Ces territoires fonctionnent en jouant sur les atouts du maintien de leurs densités différentes.


3.3. L'organisation durable du territoire communal

Les grandes zones définies ci dessus sont complémentaires. Le bâti communal s'appuie à l'ouest sur le centre de l'agglomération (Orléans). La commune de Saint-Jean-de-Braye, avec ses zones d'activités qui totalisent 145 ha en 2010 (source: Agence d'urbanisme de l'agglomération d'Orléans), a le privilège de ne pas être un dortoir. Le tissu urbain (et commercial) peut se structurer autour de la ligne de tramway, avec un pôle local autour de la gare SNCF, dont la réouverture est projetée. L'objectif est de contrôler les prix du sol autour de ces équipements structurants; plus généralement: de garantir des logements à prix aborbables, en tout lieu dans la commune.
Le nord de la commune (en limite nord de la carte n°2: zone agricole et d'activités), resterait une vaste zone "verte" et agricole, avec maraîchage et vergers, complétée à l'est par les alentours de la vallée de la Bionne, "coulée verte" en limite de commune. Ces "paysages ruraux péri- urbains" sont utiles, et esthétiques. La zone d'activités précitée en tire d'ailleurs argument.

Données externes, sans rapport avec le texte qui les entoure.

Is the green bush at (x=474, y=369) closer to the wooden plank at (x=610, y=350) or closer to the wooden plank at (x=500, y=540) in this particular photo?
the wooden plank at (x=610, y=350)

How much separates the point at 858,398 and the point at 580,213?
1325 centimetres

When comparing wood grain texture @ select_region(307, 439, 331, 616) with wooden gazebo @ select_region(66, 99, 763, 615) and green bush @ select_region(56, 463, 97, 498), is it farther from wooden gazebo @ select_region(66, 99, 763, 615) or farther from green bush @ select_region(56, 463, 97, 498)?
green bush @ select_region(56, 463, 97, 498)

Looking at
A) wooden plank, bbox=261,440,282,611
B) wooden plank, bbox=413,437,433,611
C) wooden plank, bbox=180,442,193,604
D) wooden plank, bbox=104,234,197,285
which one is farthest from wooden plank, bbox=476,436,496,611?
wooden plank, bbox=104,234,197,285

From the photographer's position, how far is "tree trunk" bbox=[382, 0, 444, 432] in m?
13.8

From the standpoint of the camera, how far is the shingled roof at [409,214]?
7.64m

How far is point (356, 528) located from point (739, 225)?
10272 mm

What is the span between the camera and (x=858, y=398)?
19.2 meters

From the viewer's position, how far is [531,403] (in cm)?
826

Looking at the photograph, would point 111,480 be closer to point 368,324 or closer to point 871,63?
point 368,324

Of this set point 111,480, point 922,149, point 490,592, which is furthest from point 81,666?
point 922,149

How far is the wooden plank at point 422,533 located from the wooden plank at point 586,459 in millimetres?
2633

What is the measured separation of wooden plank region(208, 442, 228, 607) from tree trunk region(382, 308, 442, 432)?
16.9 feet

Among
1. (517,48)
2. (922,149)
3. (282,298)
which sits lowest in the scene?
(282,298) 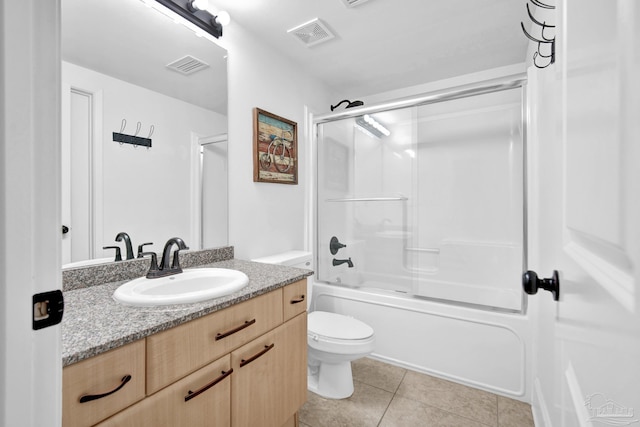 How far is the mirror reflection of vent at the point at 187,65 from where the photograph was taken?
5.14 feet

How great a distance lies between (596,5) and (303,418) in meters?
1.93

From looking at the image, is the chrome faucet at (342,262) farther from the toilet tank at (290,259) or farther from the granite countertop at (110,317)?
the granite countertop at (110,317)

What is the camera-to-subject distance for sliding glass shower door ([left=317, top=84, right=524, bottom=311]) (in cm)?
248

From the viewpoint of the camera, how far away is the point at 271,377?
1.23m

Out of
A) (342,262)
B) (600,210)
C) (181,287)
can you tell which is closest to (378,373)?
(342,262)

Ce schéma d'aménagement préserve l'urbanité, la diversité sociale, l'emploi, la qualité de vie, l'environnement et les paysages. Ce sont les principes du développement durable, repris dans le schéma n°1.
Schéma 1

Conclusion

Cette politique est généralisable au territoire national. Elle commence par une "zonation territoriale" entre les terres "artificialisées" d'une part, et non artificialisées (naturelles ou agricoles), d'autre part (cf.§ 3.2). Les limites entre ces deux modes d'occupation du sol sont tracées. À l'intérieur de son domaine, se déploie la ville "contenue" et "cohérente": elle est modulable, démontable et réaménageable, en fonction des besoins de chaque époque. De façon complémentaire, les espaces agricoles, ou non artificialisés, sont eux aussi délimités, et maintenus non urbains. A l'intérieur de ces deux grands types d'espace diversifiés, les aménagements sont évolutifs et réversibles. Le tout constitue un monde durable, mais où le changement reste possible, de par la réversibilité générale des établissements humains.

Bibliographie

Hamelin E., Razemon O., 2012, La tentation du bitume - Où s'arrêtera l'étalement urbain? Paris, Rue de l'Echiquier, 224 p.
Korsu E., Massot M-H., Orfeuil J-P., 2012, La ville cohérente - Penser autrement la proximité, Paris, La Documentation française, 168 p.
Lévy J., 2010, "Le développement urbain durable entre consensus et controverse", L'information géographique, septembre 2010, 120-126.